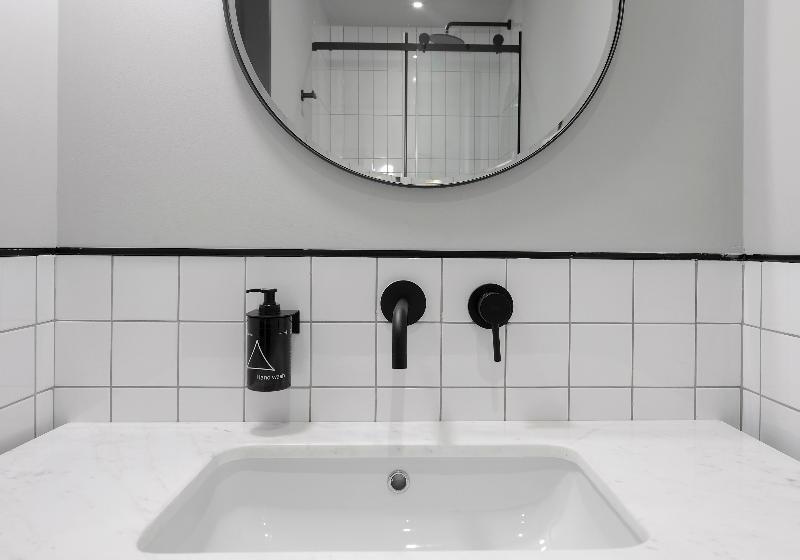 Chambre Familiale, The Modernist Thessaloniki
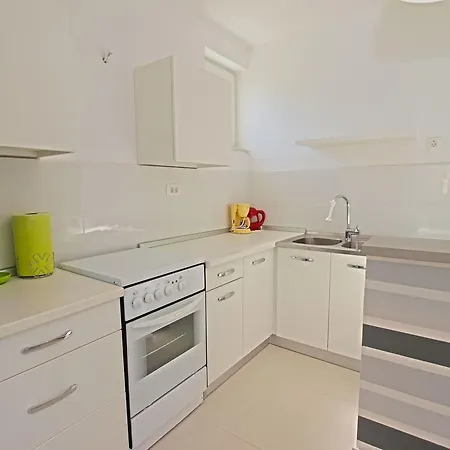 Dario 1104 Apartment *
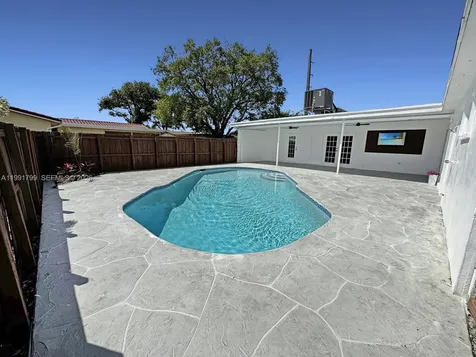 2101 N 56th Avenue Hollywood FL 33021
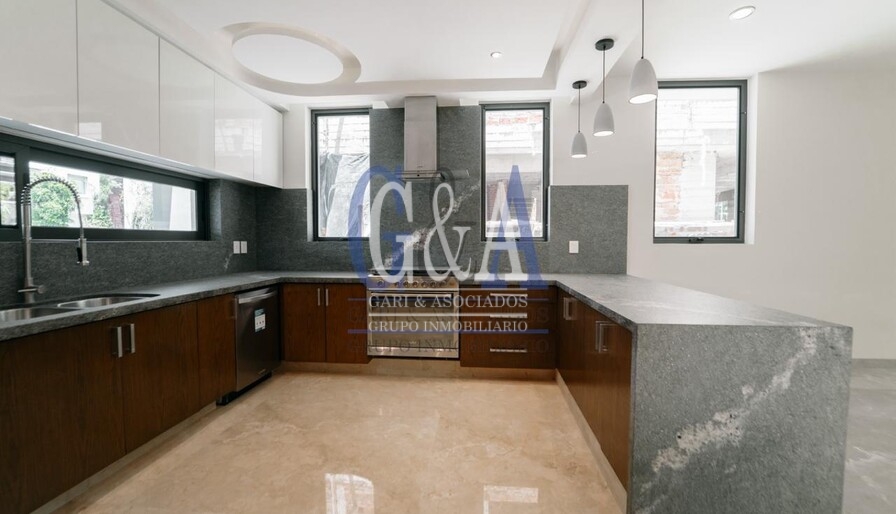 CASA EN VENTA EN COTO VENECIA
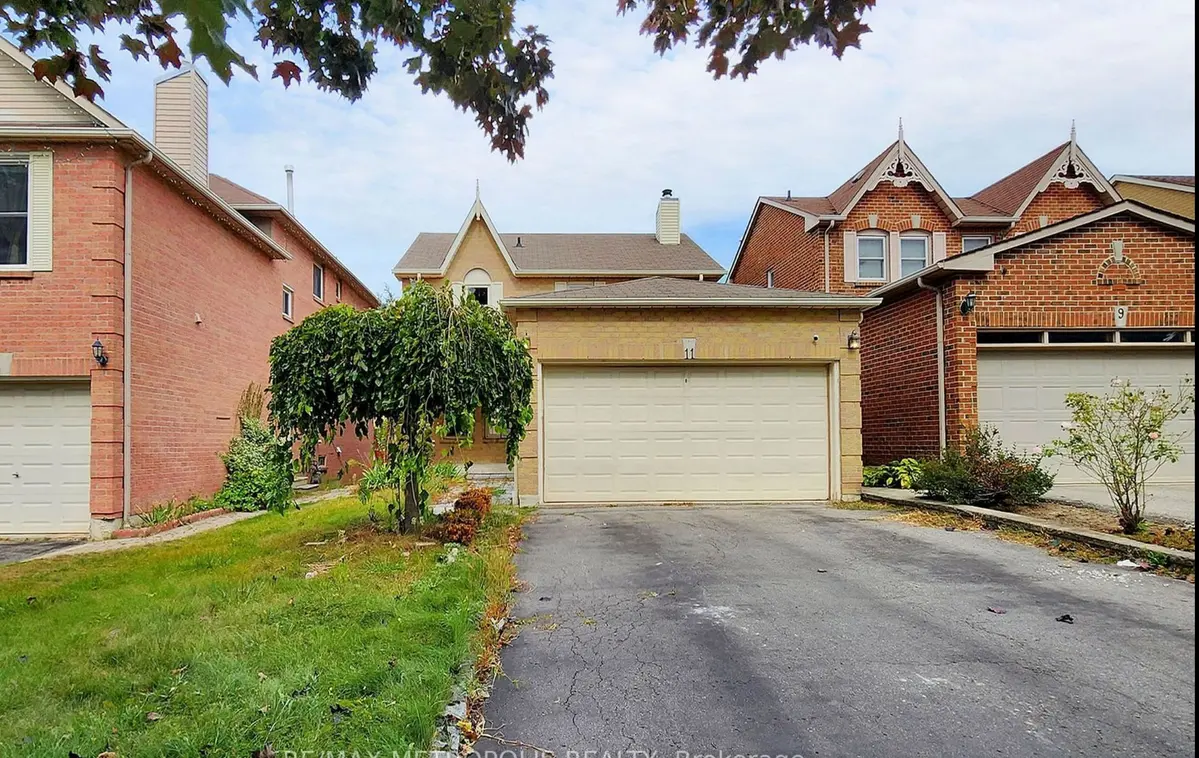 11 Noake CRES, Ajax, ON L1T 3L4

■ Task statement
Write out the data above exactly, minus any images.

■ Task result
 Chambre Familiale, The Modernist Thessaloniki
 Dario 1104 Apartment *
 2101 N 56th Avenue Hollywood FL 33021
 CASA EN VENTA EN COTO VENECIA
 11 Noake CRES, Ajax, ON L1T 3L4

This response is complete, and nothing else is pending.